A raging fever has beset New Englanders this week. The symptoms -- giddiness, anxiety, religious ardor, and incessant caffeine consumption.
Red Sox games in October are always cause for nervous excitement, but this is ridiculous. Three consecutive all-nighters of baseball heroics have drained the energy from ordinarily productive Bostonians and lined owners' pockets at booming coffee shops all across town.
Amidst the post-season dramatics, I wonder how many people have shared my particular wonderment: What is this mysterious word walk-off I keep hearing from baseball announcers? Sunday night, David Ortiz hit a walk-off homerun. Monday night, Ortiz hit a walk-off single. Even as I type this, the announcers on my radio tell me that Ortiz hit a walk-off home run in the Sox' previous playoff series against the California Angels.
Wherefore walk-off and why does it always happen to David Ortiz? And what does this have to do with community dynamics?
After hearing three days of walk-off this and walk-off that, I am proud to say I figured it out. But you can look it up if you don't believe me. A walk-off hit is one that ends a game. In the bottom of the ninth inning, or the bottom of an extra inning, any hit that drives in the winning run is a walk-off base hit. This makes sense because after a walk-off hit, both teams walk off the field.
David Ortiz is rightly considered a hero for his production of walk-off hits (home runs and otherwise). Hitting never counts more than with the game on the line.
And finally, here comes the (tenuous) bridge to Connectedness: Communities, like recent Yankees-Red Sox games, last a very long time. With so much future ahead of them, communities can typically afford to let group decisions evolve gradually. But every once in a while a community finds itself in the bottom of the ninth inning, with a tight deadline looming over an important decision.
I recently experienced the "bottom of the ninth" in two different communities. In each case the general situation was the same: A community appoints a committee to produce a critical document, requiring long and complex deliberation over many subtle questions.
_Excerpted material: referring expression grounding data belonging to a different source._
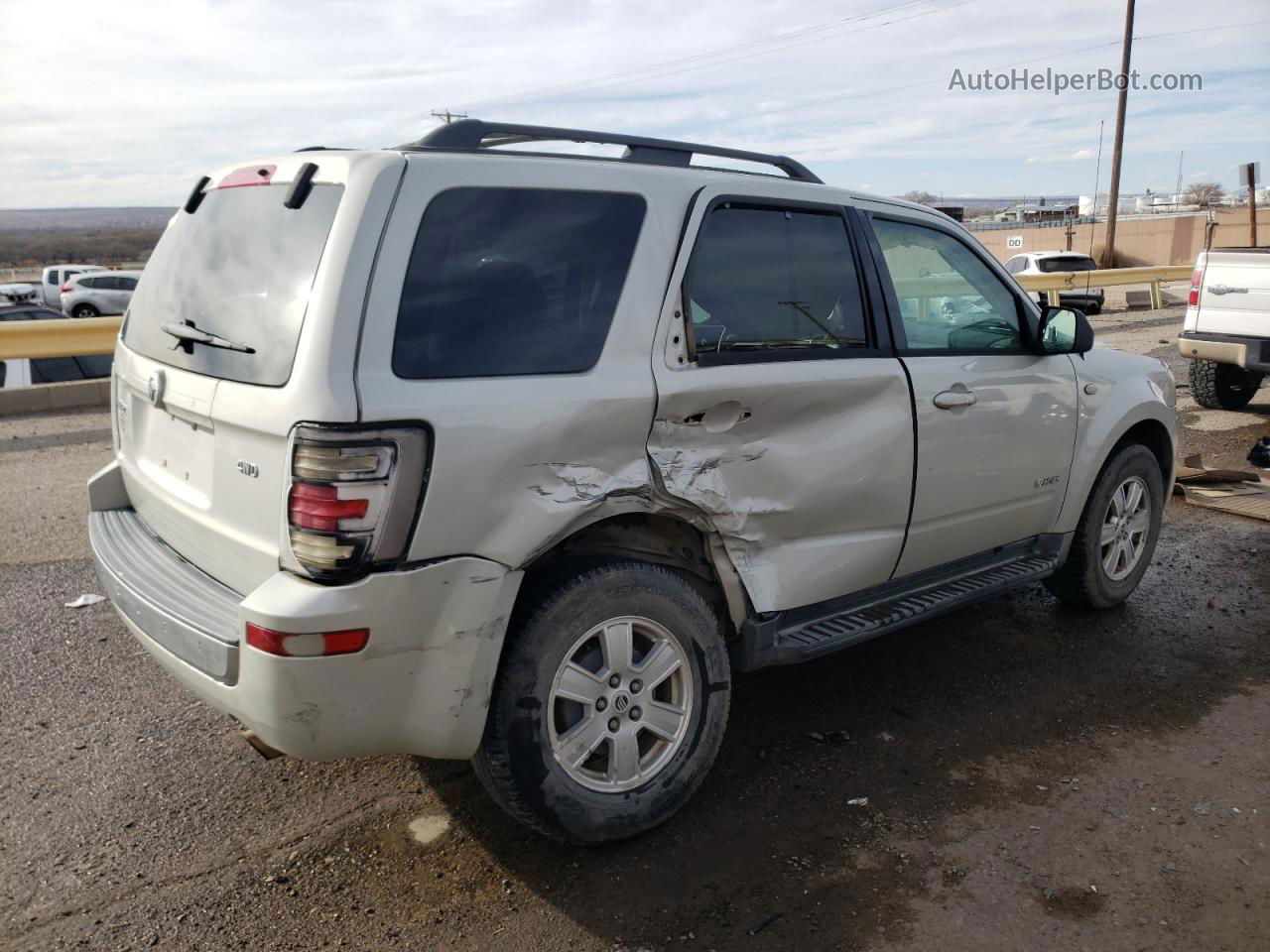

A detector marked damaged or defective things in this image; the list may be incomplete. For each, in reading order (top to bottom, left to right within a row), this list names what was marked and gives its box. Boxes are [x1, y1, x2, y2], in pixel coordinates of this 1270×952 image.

damaged silver suv [89, 119, 1183, 841]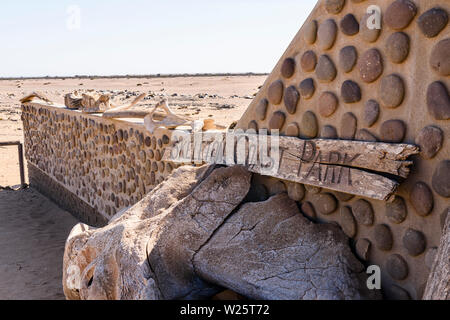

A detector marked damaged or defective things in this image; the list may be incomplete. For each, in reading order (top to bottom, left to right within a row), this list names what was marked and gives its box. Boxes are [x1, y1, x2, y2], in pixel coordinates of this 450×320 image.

cracked concrete sculpture [62, 165, 380, 300]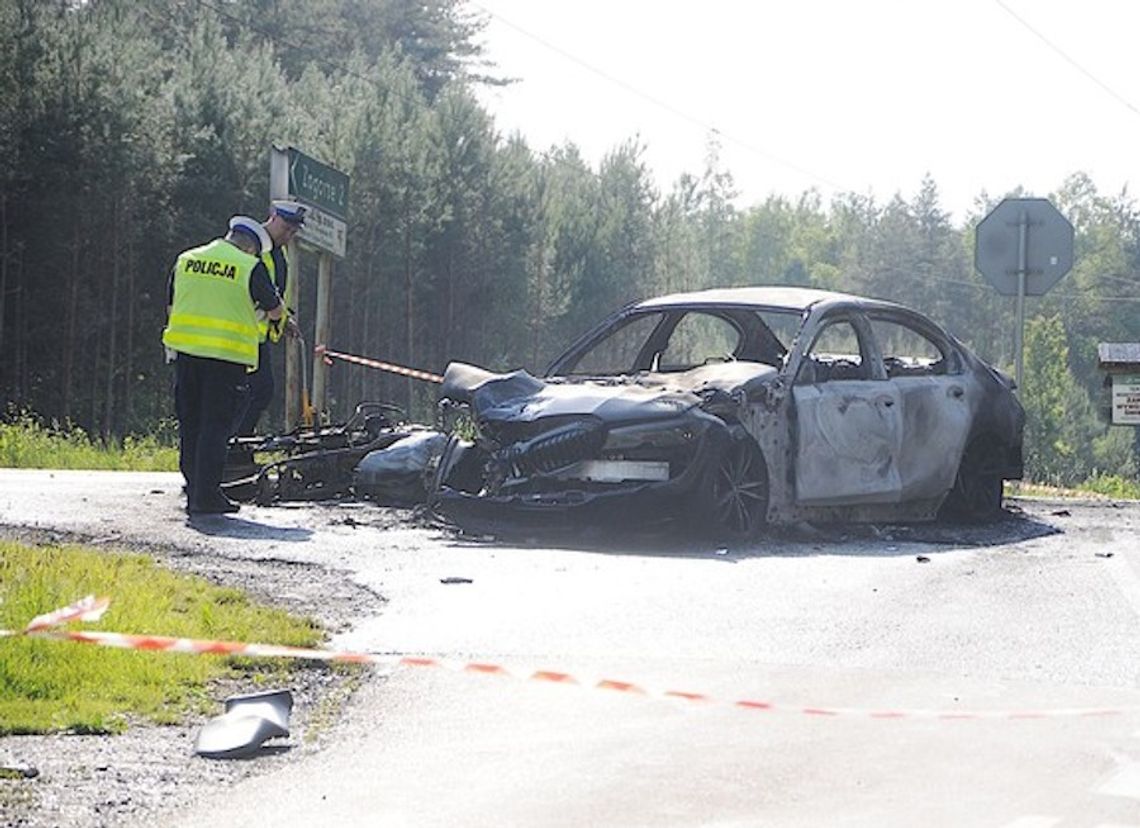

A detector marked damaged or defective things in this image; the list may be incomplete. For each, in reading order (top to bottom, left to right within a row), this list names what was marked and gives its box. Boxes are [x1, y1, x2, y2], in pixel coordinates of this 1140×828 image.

crumpled car hood [435, 362, 775, 424]
burned bmw sedan [433, 288, 1026, 538]
burned car [433, 288, 1026, 538]
charred car body [433, 290, 1026, 538]
burnt wheel rim [706, 440, 770, 538]
burned car door [793, 312, 898, 501]
burned car door [866, 314, 975, 501]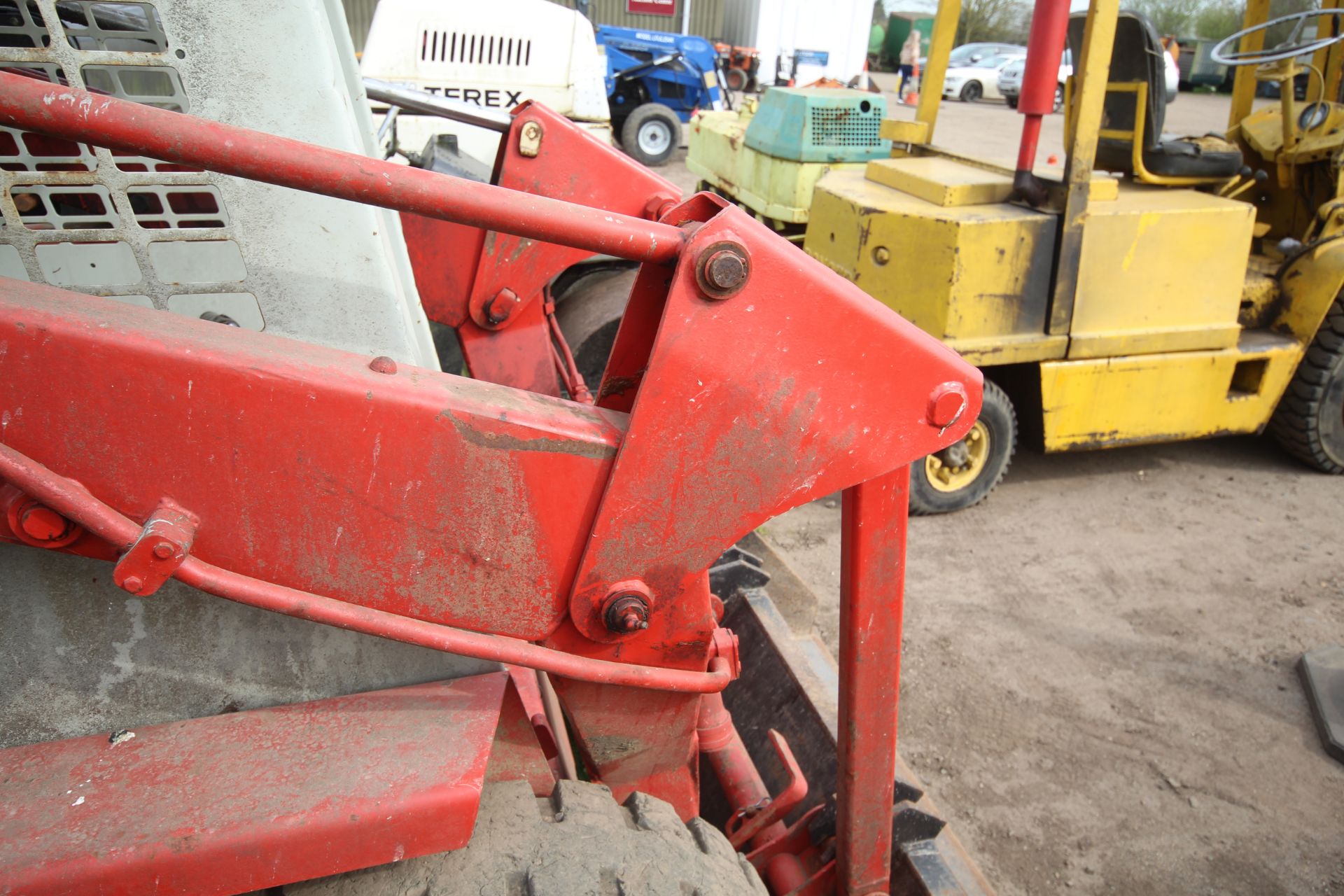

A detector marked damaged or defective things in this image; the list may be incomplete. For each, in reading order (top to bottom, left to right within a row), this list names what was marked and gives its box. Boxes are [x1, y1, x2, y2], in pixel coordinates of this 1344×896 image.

rusty bolt [370, 353, 398, 375]
rusty bolt [924, 381, 963, 431]
rusty bolt [19, 507, 71, 543]
rusty bolt [608, 591, 652, 633]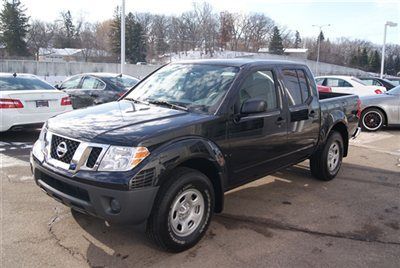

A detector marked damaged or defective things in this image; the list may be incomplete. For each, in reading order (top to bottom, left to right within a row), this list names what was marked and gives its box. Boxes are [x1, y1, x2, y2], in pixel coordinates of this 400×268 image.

pavement crack [217, 213, 400, 246]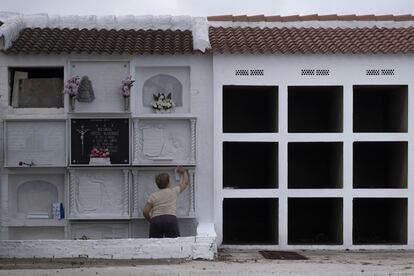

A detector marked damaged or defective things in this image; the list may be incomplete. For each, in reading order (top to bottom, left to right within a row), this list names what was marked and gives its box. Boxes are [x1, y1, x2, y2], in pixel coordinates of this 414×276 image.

broken niche opening [8, 67, 63, 108]
broken niche opening [223, 85, 278, 133]
broken niche opening [288, 86, 342, 134]
broken niche opening [352, 85, 408, 133]
broken niche opening [223, 141, 278, 189]
broken niche opening [288, 142, 342, 190]
broken niche opening [352, 141, 408, 189]
broken niche opening [223, 198, 278, 244]
broken niche opening [288, 197, 342, 245]
broken niche opening [352, 198, 408, 244]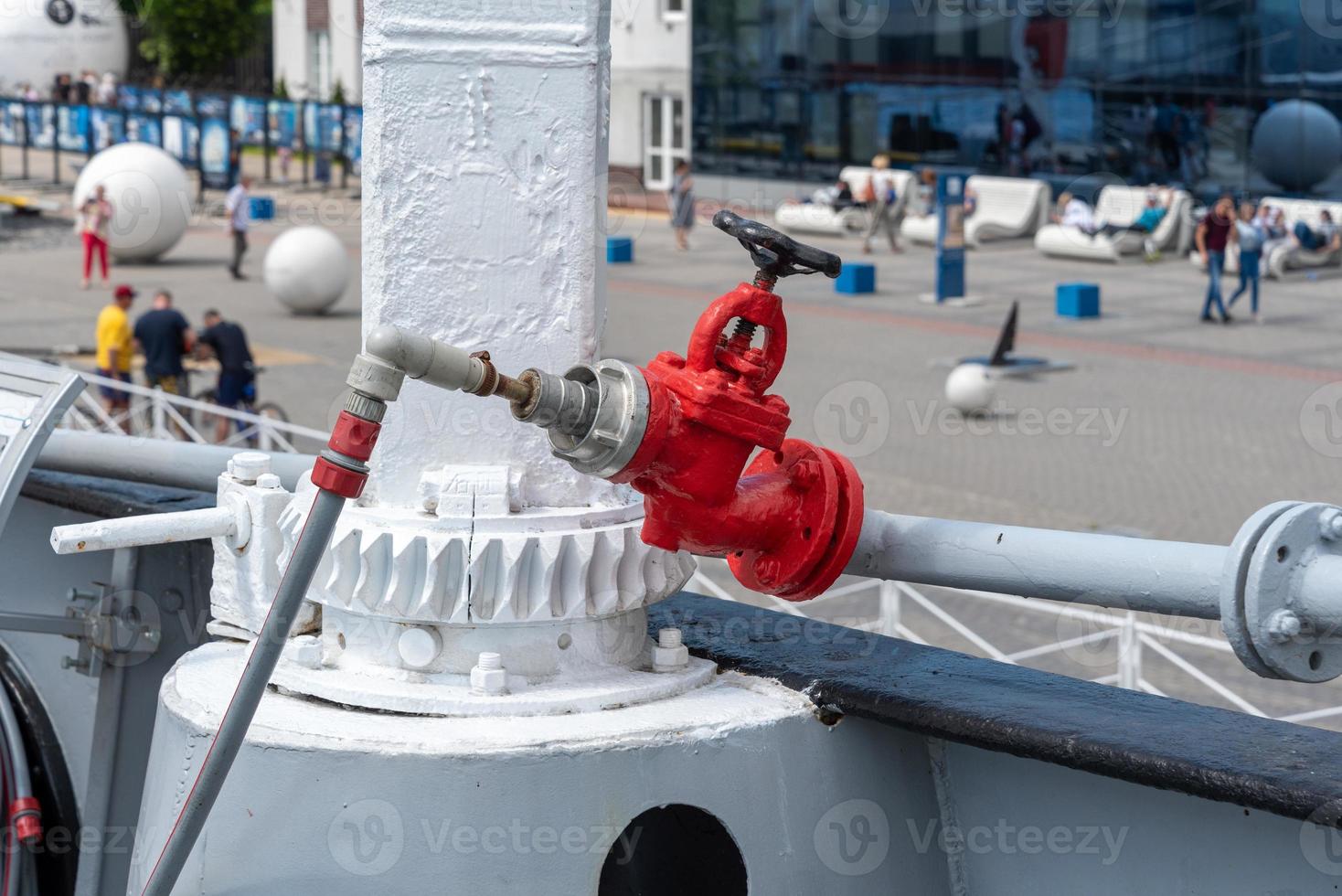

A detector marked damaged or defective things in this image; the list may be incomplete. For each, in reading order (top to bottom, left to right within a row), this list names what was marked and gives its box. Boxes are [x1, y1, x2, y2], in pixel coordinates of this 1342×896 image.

Months later, the committee is ready to present its work for approval by the wider community. Despite welcoming feedback at every step of its arduous months-long creative process, the committee doesn't actually attract much attention until this last dramatic phase. Just when the committee thinks it has finally wrestled through all the tough questions, new voices raise all-too familiar arguments.
Here comes David Ortiz to the podium. The semi-annual meeting is one week away.
The committee has drafted a solid document, but the community is anxious. Couldn't the committee have done a better job? Are we really ready to approve this document?
Proposed amendments begin to circulate informally. Meanwhile, the committee is done; they are not putting another six months into this. The semi-annual meeting will be the do or die moment.
Ortiz swings! It's a long fly ball down the right field line! It looks like it's got the distance! Yankees outfielder Sheffield has his back to the fence, he jumps for the ball...
My two recent "bottom of the ninth" experiences ended quite differently. One was a walk-off grand slam (See? It all comes together) and the other a fly out to the warning track. I'll say more about the real-life differences between these two stories soon.